Saturday, March 4, 2017

March 5 Radio History

In 1927...the Federal Radio Commission held its first meeting.

The FRC existed until its replacement by the Federal Communications Commission (FCC) in 1934.

The Commission was created to regulate radio use "as the public interest, convenience, or necessity" requires. The Radio Act of 1927 superseded the Radio Act of 1912, which had given regulatory powers over radio communication to the Secretary of Commerce and Labor. The Radio Act of 1912 did not mention broadcasting and limited all private radio

Prior to 1927, radio was regulated by the United States Department of Commerce. Commerce Secretary Herbert Hoover played a strong role in shaping radio. His powers were limited by federal court decisions, however; in particular, he was not allowed to deny broadcasting licenses to anyone who wanted one.

Herbert Hoover cira 1930
The result was that many people perceived the airwaves to suffer from "chaos," with too many stations trying to be heard on too few frequencies. Others believed the government simply wanted to control content. (Initially only two frequencies were available for broadcasting with one of these being reserved for "Crop reports and weather forecasts.") After several failed attempts to rectify this situation, Congress finally passed the Radio Act of 1927, which transferred most of the responsibility for radio to a newly created Federal Radio Commission. (Some technical duties remained the responsibility of the Radio Division of the Department of Commerce.)

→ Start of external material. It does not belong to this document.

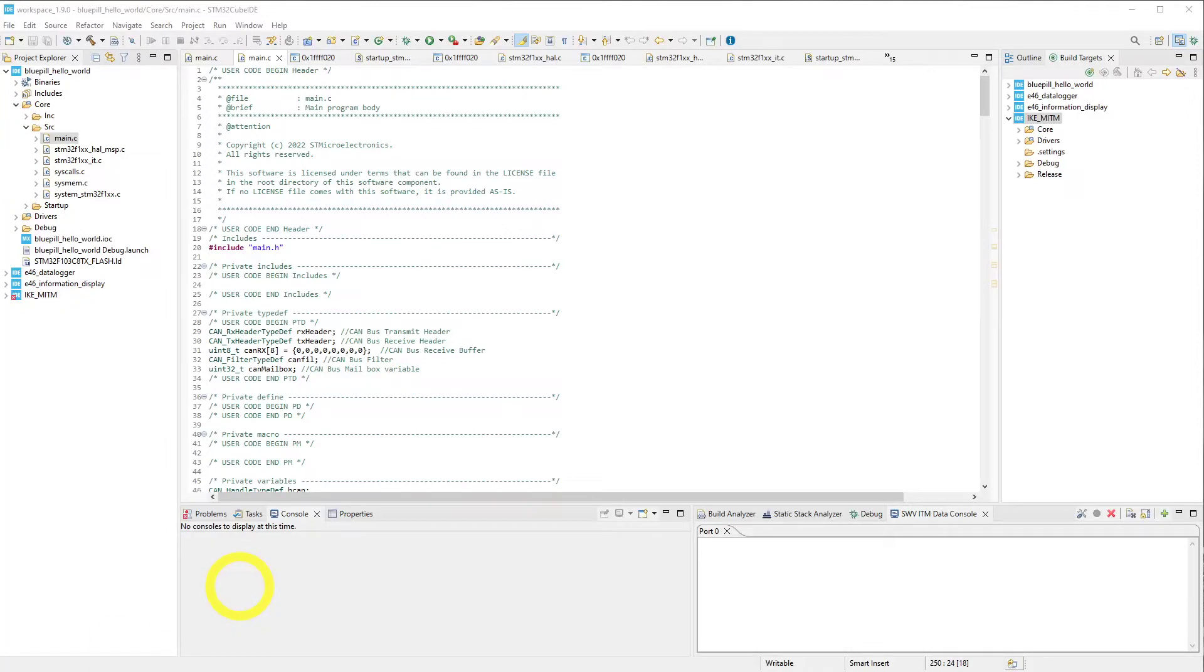This is Chesapeake Motorworks, and today we'll be going over the STM32 code that is controlling the E46 instrument cluster. I'll be making this code available on GitHub so you can follow along.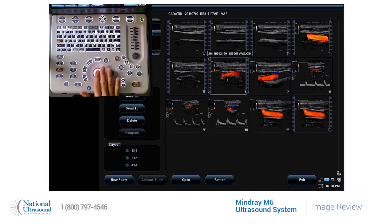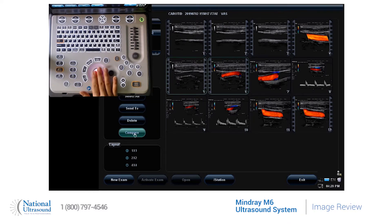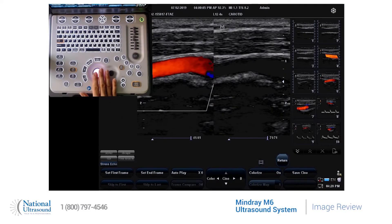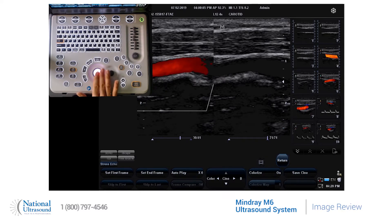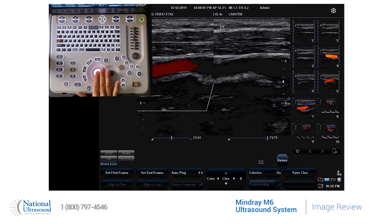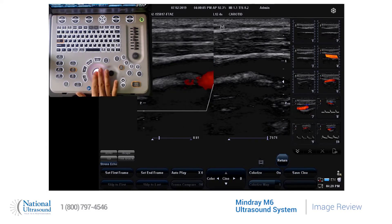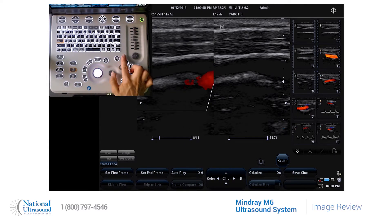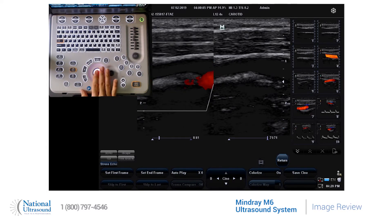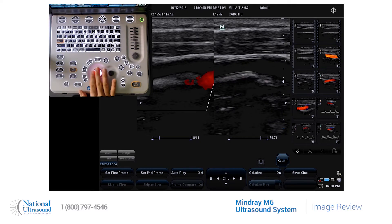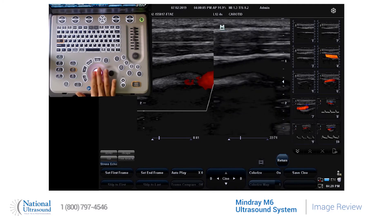There's even a Compare button, which will take you to your screen. You can then use your trackball and scroll through the cine loop on this side. Press the Dual and scroll through the cine loop on the other side.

The five-person FRC was given the power to grant and deny licenses, and to assign frequencies and power levels for each licensee. The Commission was not given any official power of censorship, although programming could not include "obscene, indecent, or profane language." In theory, anything else could be aired. In practice, the Commission could take into consideration programming when renewing licenses, and their ability to take away a broadcaster's license enabled them to control content to some degree.

In 1940...NBC radio’s popular Fibber McGee and Molly comedy show featured the first opening of the door to McGee’s notorious overstuffed and cluttered closet.  The resultant clanging of the contents as they tumbled to the floor (at least as recreated by the sound effects specialists) became a memorable iconic highlight of the OTR era, repeated at intervals throughout the longrunning series.

In 1955...Elvis Presley made yet another appearance on the Shreveport radio show Louisiana Hayride , which is this time also carried over the TV airwaves by local station KWKH, making this Presley's first television appearance.

In 1957...Disc jockey Alan Freed tried to fool the panel on CBS-TV's game show "To Tell The Truth."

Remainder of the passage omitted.